Denn zur Wahl sind ja alle Leipziger Wahlberechtigten aufgerufen. Nicht nur die frustrierten. 434.200 Leipziger sind am heutigen 27. Januar wahlberechtigt, vor sieben Jahren waren es nur 406.891 gewesen. Was eigentlich schon das Wichtigste sagt über diese Stadt: Sie ist in diesen sieben Jahren kräftig gewachsen – und zwar stärker, als es alle Prognosen vorhergesagt hatten. Ein Wachstum, das Amtsinhaber Burkard Jung (SPD) auch gern als seinen Verdienst sieht.

Aber in erster Linie geht es auf eine echte Kontinentalverschiebung zurück. In der ganzen Bundesrepublik hat sich die Bevölkerungsbewegung massiv hin zu den Metropolen verschoben. Die EU, die schon in den 1990er Jahren begann, ihre Wirtschaftsförderung stärker auf Metropolregionen zu fokussieren, hat Recht gehabt. Sie war nur – bis heute nicht – konsequent genug. Sie verteilt die Fördergelder immer noch nach NUTS-Regionen. Das ist französisch und heißt “Nomenclature des unités territoriales statistiques”, zu deutsch “Systematik der Gebietseinheiten für die Statistik”. Was natürlich all die in ihren historisch verwalteten Regionen amtierenden Provinzregierungen immer wieder darin bestärkt, es ebenso zu halten und beim alten Gießkannenprinzip zu bleiben.

Statt die Wachstumskerne zu stärken, pumpt man weiterhin das Geld wahllos in die Breite. Was auch den ländlichen Regionen nicht hilft. Denn eines ist klar: Dadurch wird der Abwanderungstrend in die Metropolen nicht gestoppt. Wie denn auch?

Damit ländliche Räume attraktiver werden, brauchen sie völlig neue Netzstrukturen, die sie in die Modernisierungentwicklungen der Metropolen einbinden. Das könnte – wenn es denn so funktioniert – zum Beispiel das neue S-Bahn-Netz Mitteldeutschland werden, ausgedacht aber auch vor über 15 Jahren. Das sind wieder 15 Jahre, in denen versäumt wurde, auch alle anderen Netz-Verbindungen der Metropole mit ihrem Umland zu prüfen und dafür moderne Lösungen zu finden.
Natürlich liegt das als Aufgabe auch auf dem Tisch des neuen (oder alten) Leipziger OBM. Einfach nur immer auf die Notwendigkeit des Frachtflughafens Leipzig/Halle zu verweisen, ist zu wenig. Einiges, was passieren muss, deutet sich ja längst an. Auch die Luftfracht-Logistiker denken endlich wieder in Alternativen, beginnen die Kopplung von Luft- und Schienenfracht neu zu denken.

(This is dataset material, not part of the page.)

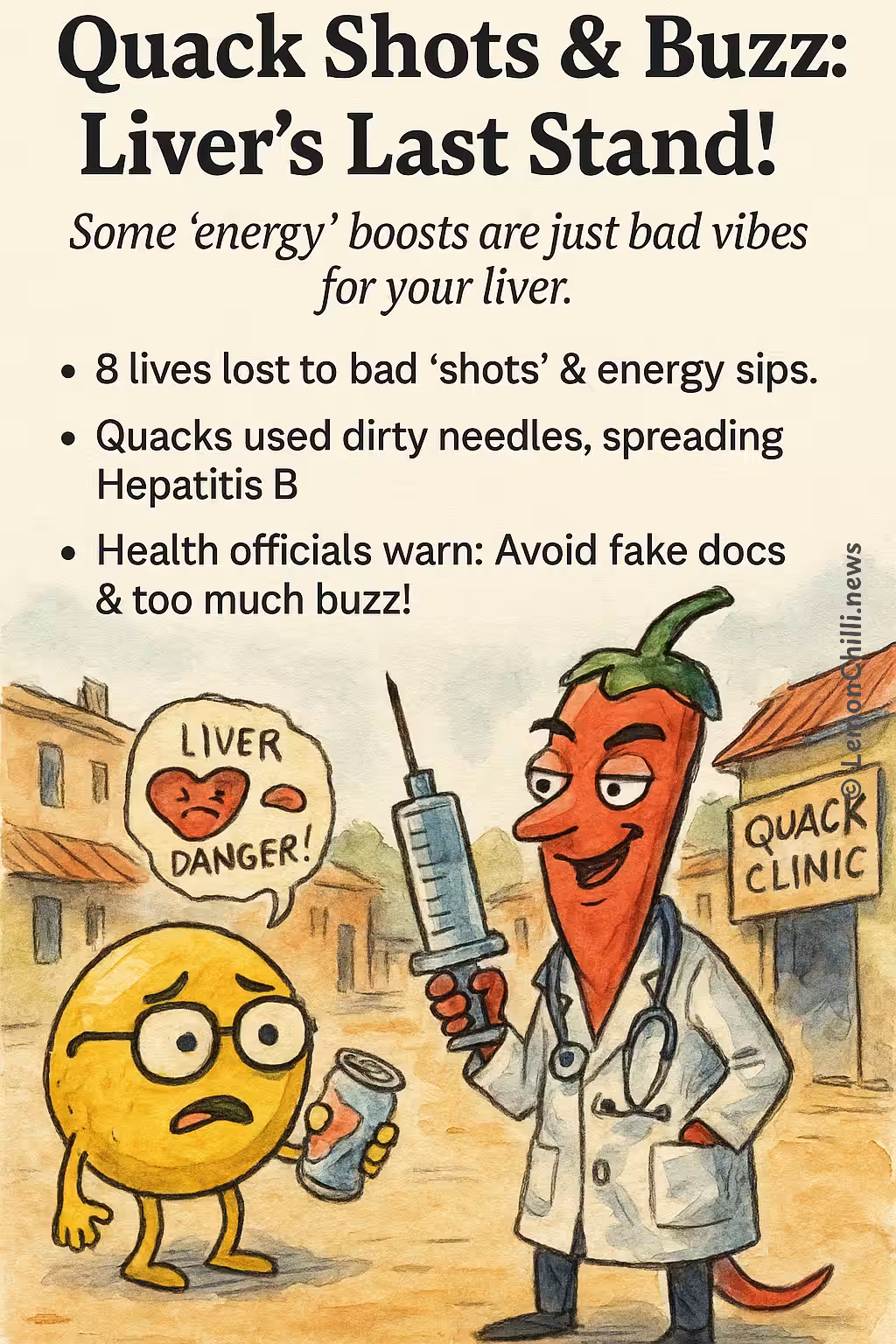 Quack Shots & Buzz: Liver's Last Stand!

Ist natürlich die Frage: Wie viel Wirtschaftskompetenz bringen die Kandidatin und ihre fünf männlichen Konkurrenten ums OBM-Amt mit? Brauchen sie überhaupt welche? Macht nicht das Wirtschaftsdezernat diese Arbeit?

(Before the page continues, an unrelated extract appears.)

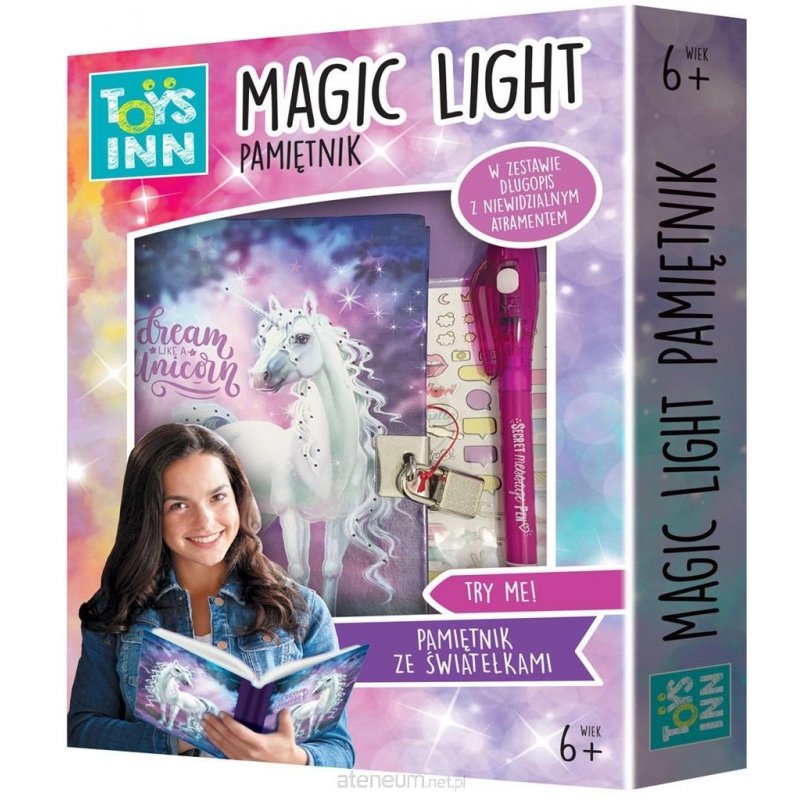MIKI Toys Inn Pamiętnik Magic Light Unicorn MIKI - 1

Fakt ist: Ohne Wirtschaftskompetenz ist ein Leipziger OBM aufgeschmissen. Wirtschaft ist längst ein Querschnittsthema. Die OBM-Kandidatenrunde auf Einladung der Wirtschaftskammern hat es eindrucksvoll gezeigt.

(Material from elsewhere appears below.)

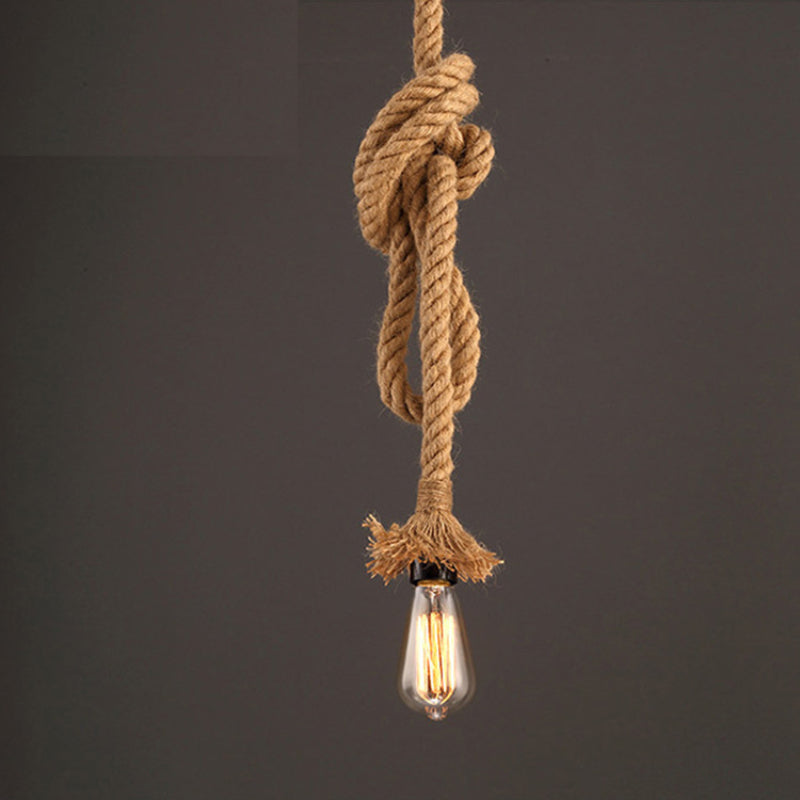 Alessio rope pendant light for cafe lighting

Trotzdem hielt sich noch bis zur letzten Woche so eine seltsame Stimmung in Leipzig, wurde der Kampf ums OBM-Amt nicht wirklich für spannend gehalten. Das schien kurzzeitig auch die Briefwahlbeteiligung so zu bestätigen. Doch in der letzten Woche ist das Ganze deutlich gekippt. Noch bis zum letzten Sonntag schien die Beteiligung an der Briefwahl eher mau auszufallen, deutlich magerer als 2006. Doch ab Montag gab es in der Statistik einen deutlichen Ruck. Da wurden augenscheinlich viele, die bis dahin noch zögerten, munter, beantragten ihre Briefwahlunterlagen und gaben ihre Wahlbriefe im Lauf der Woche ab.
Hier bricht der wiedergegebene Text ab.